Dr. Jeffrey Goldstein, assistant professor of pathology at Feinberg and a Northwestern Medicine pathologist, was a co-author on the study. He was responsible for interpreting the pathology images in the study and helping the computer learn how to analyze placenta images.

“Currently you have two options: Either no placental exam or a full exam, which takes three to five days or longer,” Goldstein said. “Ideally, we’d be analyzing every single placenta after childbirth. With this AI solution, if the AI is doing its job, it would be the first step to a full exam and provide preliminary information to make our jobs a little easier.”

hypercoiled umbilical cord
A photo of a hypercoiled umbilical cord (left) next to an artificial intelligence image of the same umbilical cord (right).

There are currently no evidence-based standards to determine when a placenta should be examined, and low-income countries and areas where home births are more prevalent often lack resources to conduct even a baseline placental analysis. This digital tool could offer a solution, as an individual would need only a smartphone or tablet with the appropriate software.

The team’s study was presented at the International Federation of Placenta Associations meeting held in Buenos Aires, Argentina, in September and at the International Conference on Medical Image Computing and Computer Assisted Intervention held in Shenzen, China, in October.

Fewer resources, quicker turnaround

The AI process would require fewer resources, allowing physicians to gather more comprehensive data to examine how placentas are linked to maternal and fetal health outcomes, and help examine placentas without special equipment — in minutes rather than days.

This AI solution would speed up this process dramatically, Goldstein said.

“Our goal is for a medical professional or trained birth attendant to take a photo, which, after analysis through licensed software, could provide immediate information that aids in the care of the mother and baby,” Gernand said. 

 For example, an umbilical cord with an abnormal insertion point or excessive twisting can be a predictor of neonatal stroke. Examination after a stillbirth could give a family information about whether future stillbirths may reoccur and help medical professionals advise them on possible interventions.

13,000 placental images, one AI solution

To create the system, the researchers analyzed 13,000 high-quality images of placentas and their corresponding pathology reports from Northwestern Memorial Hospital. Then, the researchers labeled a training set of images with data points critical to understanding the placenta, such as areas of incompleteness and the umbilical cord insertion point.

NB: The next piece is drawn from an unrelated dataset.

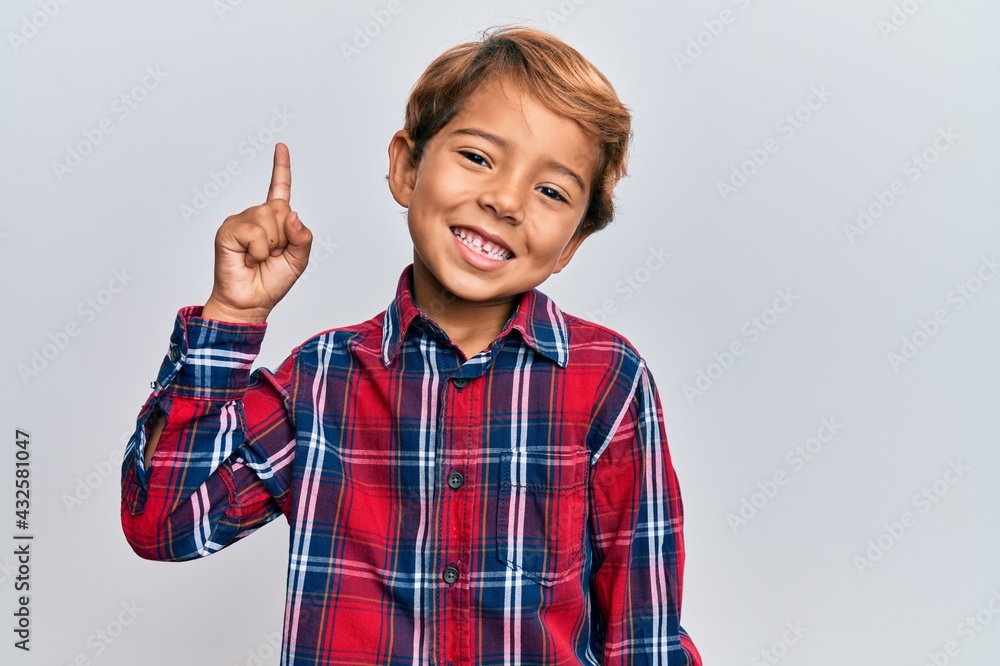 Adorable latin kid wearing casual clothes smiling with an idea or question pointing finger up with happy face, number one Adorable latin kid wearing casual clothes smiling with an idea or question pointing finger up with happy face, number one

“Past analyses have typically examined features independently and used a limited number of images,” said James Wang, professor in Penn State’s College of Information Sciences and Technology. “Our tool leverages artificial intelligence and a large and comprehensive dataset to make multiple decisions at the same time by treating the different parts of the placenta as complementary. To our knowledge, this is the first system for comprehensive, automated placental analysis.”

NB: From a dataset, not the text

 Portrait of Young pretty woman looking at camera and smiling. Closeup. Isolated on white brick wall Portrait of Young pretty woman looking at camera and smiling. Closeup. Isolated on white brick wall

The images were used to train neural networks using CPU and GPU servers that could automatically analyze new placental images to detect features linked to abnormalities and potential health risks. Their system produced predictions on unlabeled images efficiently, and comparisons with the original pathology reports demonstrated the system’s high accuracy and clinical potential.

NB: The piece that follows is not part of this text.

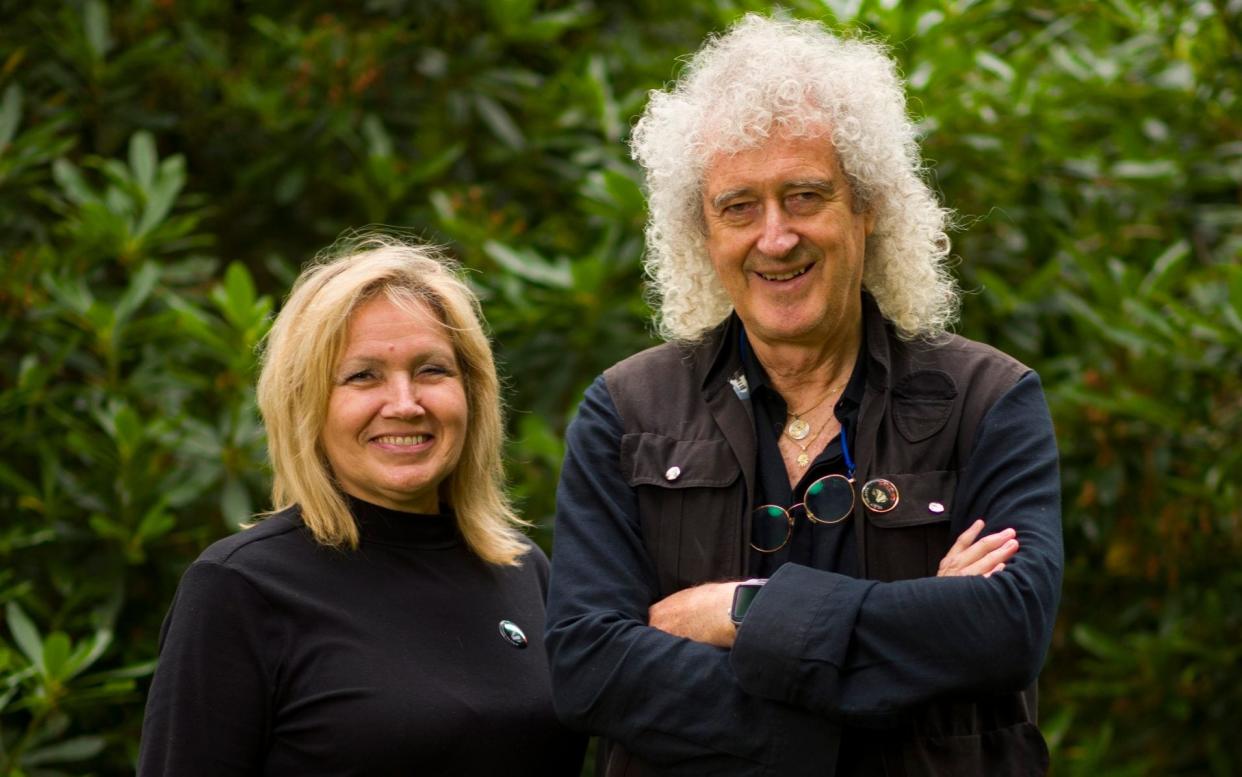 Sir Brian May and animal activist Anne Brummer in the woodland next to Save Me Trust HQ in Windlesham, Surrey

Goldstein likens the machine-learning process to potty training a toddler. 

“When an adult uses the bathroom, we don’t think twice about the process,” Goldstein said. “But when you’re teaching a toddler how to use the bathroom, you go through each step: Pull down your pants, underwear, sit on the toilet, etc. You really feel every single one of those steps. That’s how we teach a computer to learn, so it can learn to do these steps on its own.”

This research was supported by the Bill & Melinda Gates Foundation.